━━━ Records for the exercise ━━━
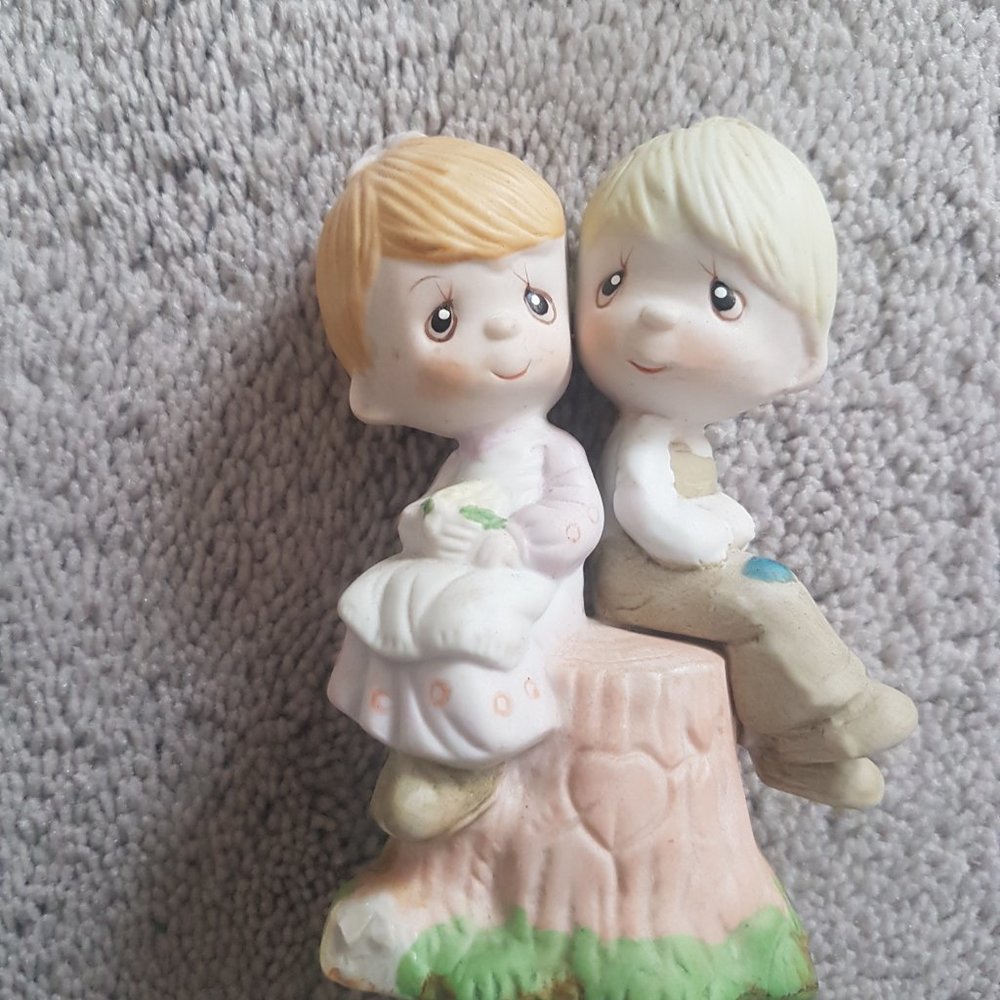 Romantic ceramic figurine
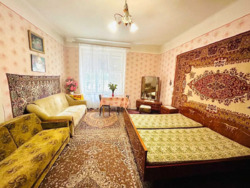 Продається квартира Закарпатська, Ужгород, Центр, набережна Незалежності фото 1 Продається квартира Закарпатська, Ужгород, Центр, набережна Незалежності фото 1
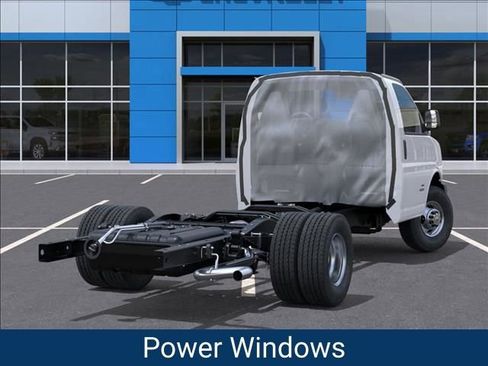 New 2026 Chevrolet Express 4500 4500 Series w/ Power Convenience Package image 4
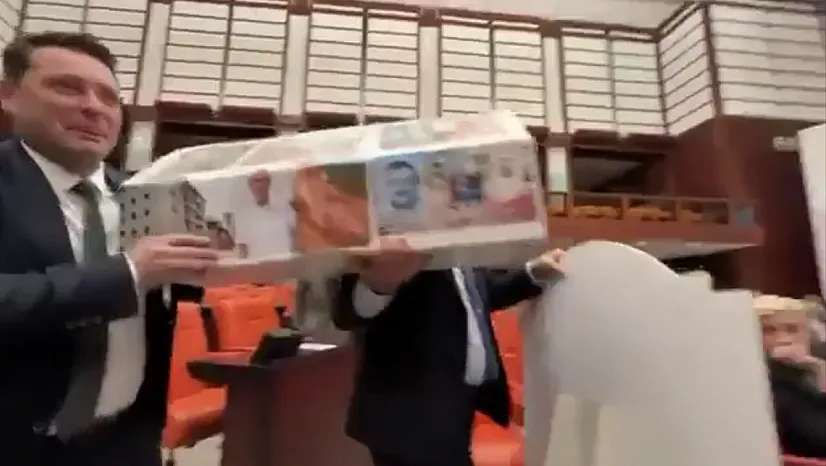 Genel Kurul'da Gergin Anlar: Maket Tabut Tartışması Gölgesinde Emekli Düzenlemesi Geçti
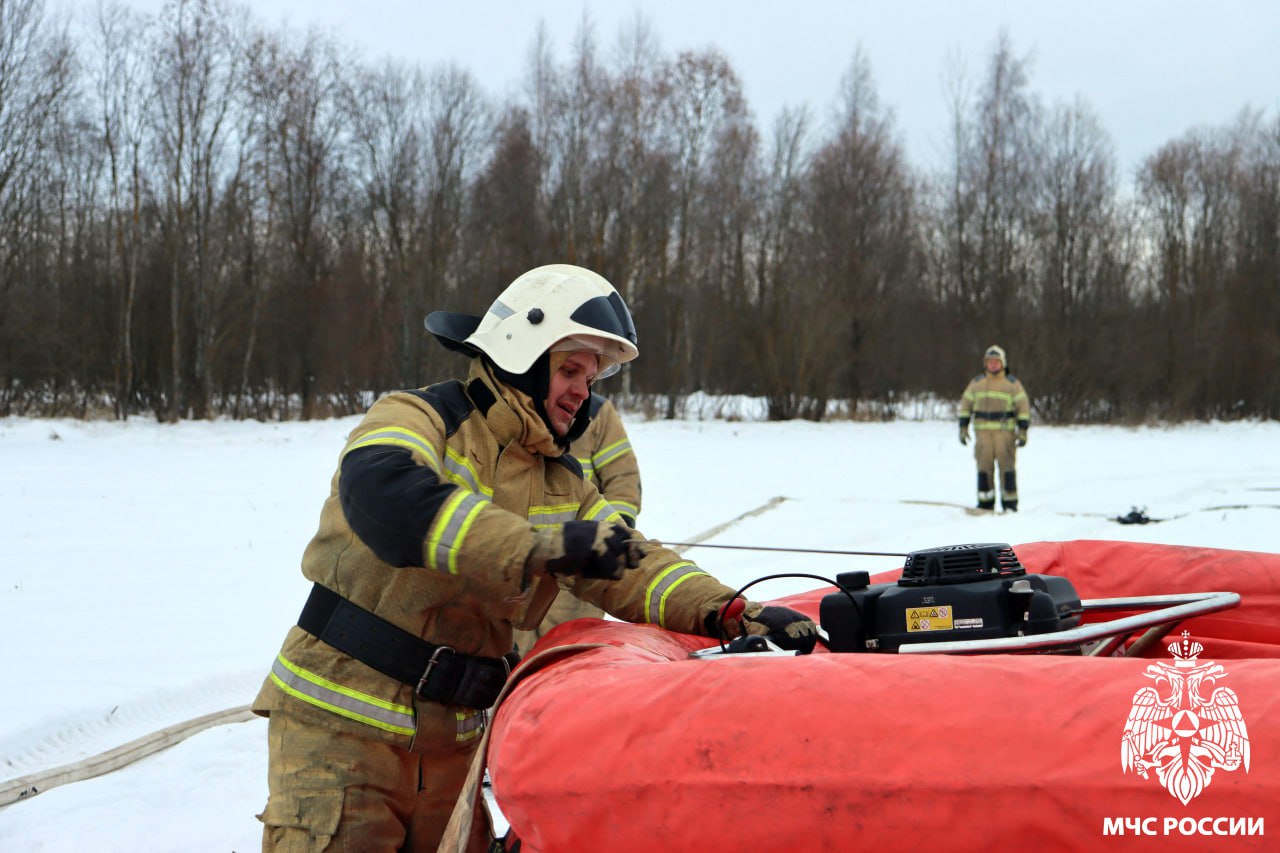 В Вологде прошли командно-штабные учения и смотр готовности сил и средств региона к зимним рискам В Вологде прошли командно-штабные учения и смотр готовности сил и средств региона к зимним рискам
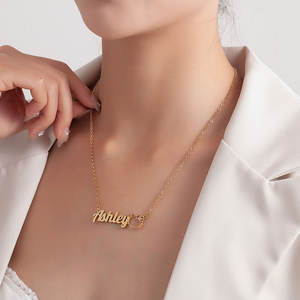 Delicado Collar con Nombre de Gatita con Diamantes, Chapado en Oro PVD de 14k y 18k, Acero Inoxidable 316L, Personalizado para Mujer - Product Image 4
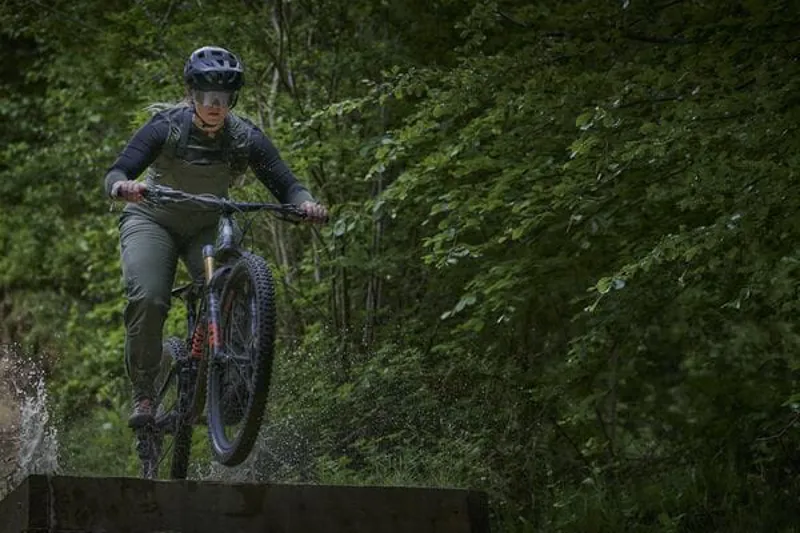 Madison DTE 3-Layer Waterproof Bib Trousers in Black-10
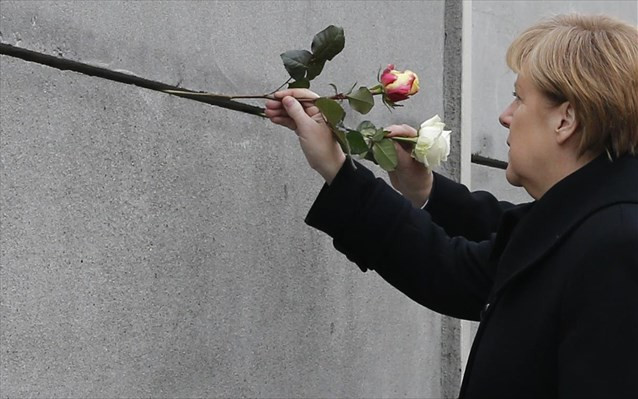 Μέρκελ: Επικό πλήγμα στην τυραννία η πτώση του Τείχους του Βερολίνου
━━━
Exercise:
What's needed is a word-for-word retyping of the listing, minus its pictures.

Task answer:
 Romantic ceramic figurine
 Продається квартира Закарпатська, Ужгород, Центр, набережна Незалежності фото 1 Продається квартира Закарпатська, Ужгород, Центр, набережна Незалежності фото 1
 New 2026 Chevrolet Express 4500 4500 Series w/ Power Convenience Package image 4
 Genel Kurul'da Gergin Anlar: Maket Tabut Tartışması Gölgesinde Emekli Düzenlemesi Geçti
 В Вологде прошли командно-штабные учения и смотр готовности сил и средств региона к зимним рискам В Вологде прошли командно-штабные учения и смотр готовности сил и средств региона к зимним рискам
 Delicado Collar con Nombre de Gatita con Diamantes, Chapado en Oro PVD de 14k y 18k, Acero Inoxidable 316L, Personalizado para Mujer - Product Image 4
 Madison DTE 3-Layer Waterproof Bib Trousers in Black-10
 Μέρκελ: Επικό πλήγμα στην τυραννία η πτώση του Τείχους του Βερολίνου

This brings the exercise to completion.